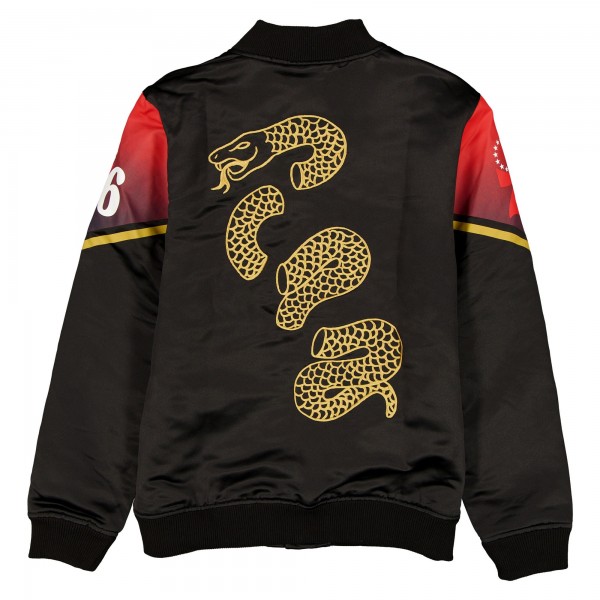 Куртка на кнопках Philadelphia 76ers New Era 2025/26 City Edition Satin - Black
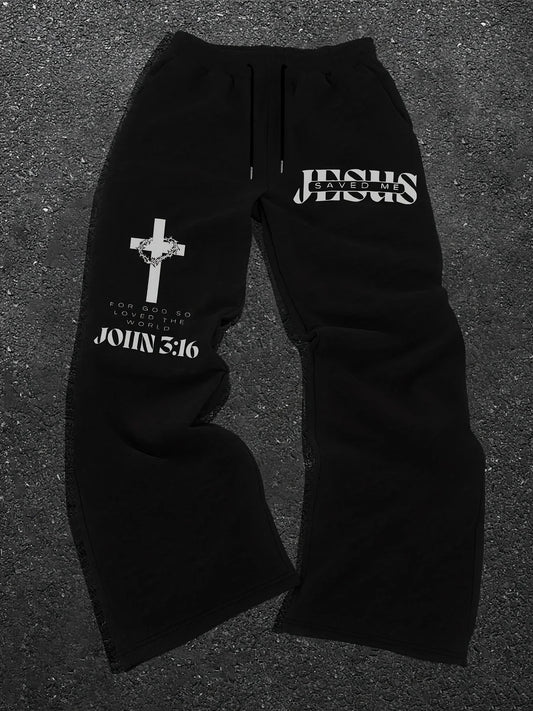 Men's Jesus Bible print drawstring sweatpants with cross pattern, casual and comfortable for jogging, classic and versatile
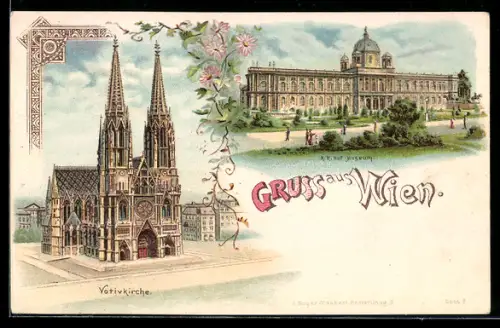 Lithographie Wien, Votivkirche und Hofmuseum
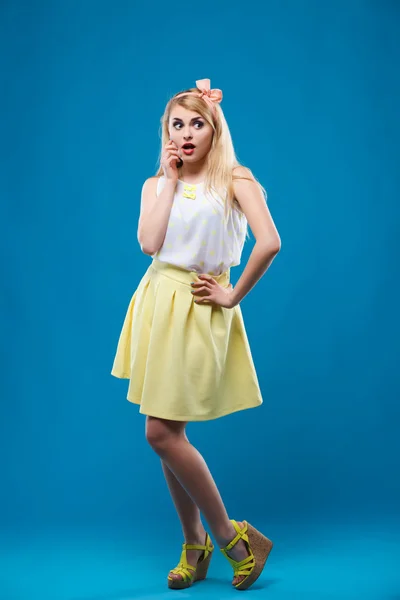 Girl in the studio, pin-up, flirting, showing different emotions — Stockfoto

[What to produce] When you set down the material above, keep every word exact and include no pictures.

[Response below]
 Куртка на кнопках Philadelphia 76ers New Era 2025/26 City Edition Satin - Black
 Men's Jesus Bible print drawstring sweatpants with cross pattern, casual and comfortable for jogging, classic and versatile
 Lithographie Wien, Votivkirche und Hofmuseum
 Girl in the studio, pin-up, flirting, showing different emotions — Stockfoto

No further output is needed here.